==== EXTRACTED MATERIAL

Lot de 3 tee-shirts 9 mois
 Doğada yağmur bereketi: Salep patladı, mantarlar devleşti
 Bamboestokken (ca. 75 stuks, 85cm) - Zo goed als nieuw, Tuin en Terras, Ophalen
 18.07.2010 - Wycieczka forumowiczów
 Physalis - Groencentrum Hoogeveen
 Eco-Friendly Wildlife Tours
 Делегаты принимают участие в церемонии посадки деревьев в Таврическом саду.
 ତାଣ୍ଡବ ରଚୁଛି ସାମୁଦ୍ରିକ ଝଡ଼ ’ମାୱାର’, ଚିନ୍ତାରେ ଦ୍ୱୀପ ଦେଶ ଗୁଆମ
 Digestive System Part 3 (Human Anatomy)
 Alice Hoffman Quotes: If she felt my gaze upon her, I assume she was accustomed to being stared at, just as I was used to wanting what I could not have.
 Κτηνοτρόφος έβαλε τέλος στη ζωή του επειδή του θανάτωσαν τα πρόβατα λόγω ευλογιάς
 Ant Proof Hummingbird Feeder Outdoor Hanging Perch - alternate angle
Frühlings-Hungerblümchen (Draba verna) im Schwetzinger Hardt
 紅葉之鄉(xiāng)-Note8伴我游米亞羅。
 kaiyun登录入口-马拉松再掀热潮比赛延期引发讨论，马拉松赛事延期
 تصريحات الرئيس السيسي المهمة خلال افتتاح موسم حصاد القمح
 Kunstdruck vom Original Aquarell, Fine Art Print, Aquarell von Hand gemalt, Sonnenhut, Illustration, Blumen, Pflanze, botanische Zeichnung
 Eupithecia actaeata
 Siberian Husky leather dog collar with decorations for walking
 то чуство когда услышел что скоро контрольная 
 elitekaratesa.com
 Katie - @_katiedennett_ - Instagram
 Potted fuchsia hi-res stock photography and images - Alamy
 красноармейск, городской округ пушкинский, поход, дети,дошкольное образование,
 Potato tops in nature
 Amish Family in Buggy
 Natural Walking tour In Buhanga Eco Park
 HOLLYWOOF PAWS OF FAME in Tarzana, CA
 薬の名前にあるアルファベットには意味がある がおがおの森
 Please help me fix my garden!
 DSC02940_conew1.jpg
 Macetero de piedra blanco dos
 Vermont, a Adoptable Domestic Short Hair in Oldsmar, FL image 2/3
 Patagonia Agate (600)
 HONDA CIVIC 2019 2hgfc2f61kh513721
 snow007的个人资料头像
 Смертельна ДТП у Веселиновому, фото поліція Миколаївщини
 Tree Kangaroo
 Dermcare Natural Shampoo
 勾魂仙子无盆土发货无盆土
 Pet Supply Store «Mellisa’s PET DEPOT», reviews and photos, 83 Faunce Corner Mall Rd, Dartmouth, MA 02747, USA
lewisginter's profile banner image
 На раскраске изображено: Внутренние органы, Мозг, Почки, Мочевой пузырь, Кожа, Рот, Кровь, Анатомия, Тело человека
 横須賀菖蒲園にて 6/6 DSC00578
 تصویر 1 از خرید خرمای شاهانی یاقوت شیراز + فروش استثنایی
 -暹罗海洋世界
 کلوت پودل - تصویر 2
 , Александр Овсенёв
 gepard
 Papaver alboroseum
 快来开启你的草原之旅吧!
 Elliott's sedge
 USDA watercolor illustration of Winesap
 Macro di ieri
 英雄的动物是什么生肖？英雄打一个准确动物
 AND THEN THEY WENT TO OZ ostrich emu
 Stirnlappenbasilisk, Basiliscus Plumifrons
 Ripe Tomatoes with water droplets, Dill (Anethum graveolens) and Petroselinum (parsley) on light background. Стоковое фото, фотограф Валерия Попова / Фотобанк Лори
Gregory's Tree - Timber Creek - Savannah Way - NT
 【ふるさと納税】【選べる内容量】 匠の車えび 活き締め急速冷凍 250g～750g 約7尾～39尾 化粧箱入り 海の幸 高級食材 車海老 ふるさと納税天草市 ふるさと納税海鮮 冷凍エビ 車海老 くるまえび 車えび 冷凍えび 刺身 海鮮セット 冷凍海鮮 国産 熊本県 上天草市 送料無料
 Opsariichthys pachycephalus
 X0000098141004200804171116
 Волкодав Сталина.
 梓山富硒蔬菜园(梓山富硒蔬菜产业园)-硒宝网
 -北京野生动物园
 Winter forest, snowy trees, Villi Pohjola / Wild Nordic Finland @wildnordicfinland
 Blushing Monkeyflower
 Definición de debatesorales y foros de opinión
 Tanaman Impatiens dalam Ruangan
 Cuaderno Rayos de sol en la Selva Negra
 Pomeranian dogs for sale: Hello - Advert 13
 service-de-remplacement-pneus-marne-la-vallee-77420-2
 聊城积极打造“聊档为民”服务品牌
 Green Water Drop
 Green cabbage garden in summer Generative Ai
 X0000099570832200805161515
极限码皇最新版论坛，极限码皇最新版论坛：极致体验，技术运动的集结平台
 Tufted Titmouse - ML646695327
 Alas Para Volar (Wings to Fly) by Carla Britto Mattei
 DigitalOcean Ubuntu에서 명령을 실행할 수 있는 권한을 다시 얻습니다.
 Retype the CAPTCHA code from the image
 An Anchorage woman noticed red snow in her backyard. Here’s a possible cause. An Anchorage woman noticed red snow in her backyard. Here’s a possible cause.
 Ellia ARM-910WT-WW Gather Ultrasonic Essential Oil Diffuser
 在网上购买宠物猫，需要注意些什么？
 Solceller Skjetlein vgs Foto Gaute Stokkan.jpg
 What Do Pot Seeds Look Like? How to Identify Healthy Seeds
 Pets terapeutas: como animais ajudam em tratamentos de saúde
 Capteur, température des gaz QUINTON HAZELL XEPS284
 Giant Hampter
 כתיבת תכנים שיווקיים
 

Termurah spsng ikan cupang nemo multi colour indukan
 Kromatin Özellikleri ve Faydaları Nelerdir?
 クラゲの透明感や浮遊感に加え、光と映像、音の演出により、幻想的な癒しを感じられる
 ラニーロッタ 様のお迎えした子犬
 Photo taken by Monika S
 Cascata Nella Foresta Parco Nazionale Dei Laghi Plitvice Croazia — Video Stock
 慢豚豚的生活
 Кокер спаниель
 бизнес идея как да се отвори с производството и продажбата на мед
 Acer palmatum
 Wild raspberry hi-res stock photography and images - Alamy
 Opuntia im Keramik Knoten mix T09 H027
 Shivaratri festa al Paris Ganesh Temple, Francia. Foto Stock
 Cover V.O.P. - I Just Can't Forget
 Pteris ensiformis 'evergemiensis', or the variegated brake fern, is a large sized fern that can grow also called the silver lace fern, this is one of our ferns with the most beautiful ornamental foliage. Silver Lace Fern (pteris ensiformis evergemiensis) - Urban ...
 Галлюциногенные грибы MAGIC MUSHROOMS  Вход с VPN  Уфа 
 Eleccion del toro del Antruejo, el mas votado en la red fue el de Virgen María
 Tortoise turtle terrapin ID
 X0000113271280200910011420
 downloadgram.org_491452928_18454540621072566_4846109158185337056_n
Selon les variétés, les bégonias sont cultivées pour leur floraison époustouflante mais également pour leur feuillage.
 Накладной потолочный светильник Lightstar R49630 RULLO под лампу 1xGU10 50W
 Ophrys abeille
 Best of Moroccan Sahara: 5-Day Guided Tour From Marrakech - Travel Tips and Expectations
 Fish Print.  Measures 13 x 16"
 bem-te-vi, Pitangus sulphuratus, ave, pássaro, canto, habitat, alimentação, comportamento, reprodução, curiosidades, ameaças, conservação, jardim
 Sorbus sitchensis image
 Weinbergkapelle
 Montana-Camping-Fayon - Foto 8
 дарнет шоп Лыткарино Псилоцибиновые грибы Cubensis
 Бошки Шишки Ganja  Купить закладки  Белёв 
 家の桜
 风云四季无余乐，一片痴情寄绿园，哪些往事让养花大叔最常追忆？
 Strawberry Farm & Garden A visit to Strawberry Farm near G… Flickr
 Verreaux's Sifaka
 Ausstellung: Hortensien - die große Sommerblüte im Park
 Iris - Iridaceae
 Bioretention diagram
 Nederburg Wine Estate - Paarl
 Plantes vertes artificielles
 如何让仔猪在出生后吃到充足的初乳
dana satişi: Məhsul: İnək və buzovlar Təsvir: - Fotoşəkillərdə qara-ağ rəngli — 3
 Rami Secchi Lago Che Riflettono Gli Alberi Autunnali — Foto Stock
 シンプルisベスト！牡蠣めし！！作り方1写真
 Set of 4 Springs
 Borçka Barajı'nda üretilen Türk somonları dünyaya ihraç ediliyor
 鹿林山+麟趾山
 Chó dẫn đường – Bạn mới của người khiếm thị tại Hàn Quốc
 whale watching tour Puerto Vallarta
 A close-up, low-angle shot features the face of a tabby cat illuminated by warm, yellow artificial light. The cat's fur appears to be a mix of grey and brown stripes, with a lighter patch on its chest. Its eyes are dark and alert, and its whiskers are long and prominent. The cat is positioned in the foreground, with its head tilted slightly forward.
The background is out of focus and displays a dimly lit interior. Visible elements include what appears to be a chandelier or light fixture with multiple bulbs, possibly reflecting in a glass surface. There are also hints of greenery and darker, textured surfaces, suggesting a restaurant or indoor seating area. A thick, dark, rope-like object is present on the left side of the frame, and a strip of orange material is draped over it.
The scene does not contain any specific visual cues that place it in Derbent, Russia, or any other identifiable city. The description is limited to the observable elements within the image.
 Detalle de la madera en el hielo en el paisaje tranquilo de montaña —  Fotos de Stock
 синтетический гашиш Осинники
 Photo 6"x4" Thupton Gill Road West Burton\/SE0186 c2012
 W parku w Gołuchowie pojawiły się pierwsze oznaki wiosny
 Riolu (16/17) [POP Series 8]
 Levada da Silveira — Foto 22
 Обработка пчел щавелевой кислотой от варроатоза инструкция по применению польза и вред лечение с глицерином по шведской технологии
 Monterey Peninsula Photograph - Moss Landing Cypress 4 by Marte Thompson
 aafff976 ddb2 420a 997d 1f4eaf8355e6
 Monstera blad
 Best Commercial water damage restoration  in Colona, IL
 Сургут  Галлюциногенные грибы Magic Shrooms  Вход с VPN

========

PROBLEM DESCRIPTION: Retype, exactly and only, the lines running from the one with "West Burton\/SE0186 c2012" through the final line of the listing above.

FINISHED EXERCISE:
 Photo 6"x4" Thupton Gill Road West Burton\/SE0186 c2012
 W parku w Gołuchowie pojawiły się pierwsze oznaki wiosny
 Riolu (16/17) [POP Series 8]
 Levada da Silveira — Foto 22
 Обработка пчел щавелевой кислотой от варроатоза инструкция по применению польза и вред лечение с глицерином по шведской технологии
 Monterey Peninsula Photograph - Moss Landing Cypress 4 by Marte Thompson
 aafff976 ddb2 420a 997d 1f4eaf8355e6
 Monstera blad
 Best Commercial water damage restoration  in Colona, IL
 Сургут  Галлюциногенные грибы Magic Shrooms  Вход с VPN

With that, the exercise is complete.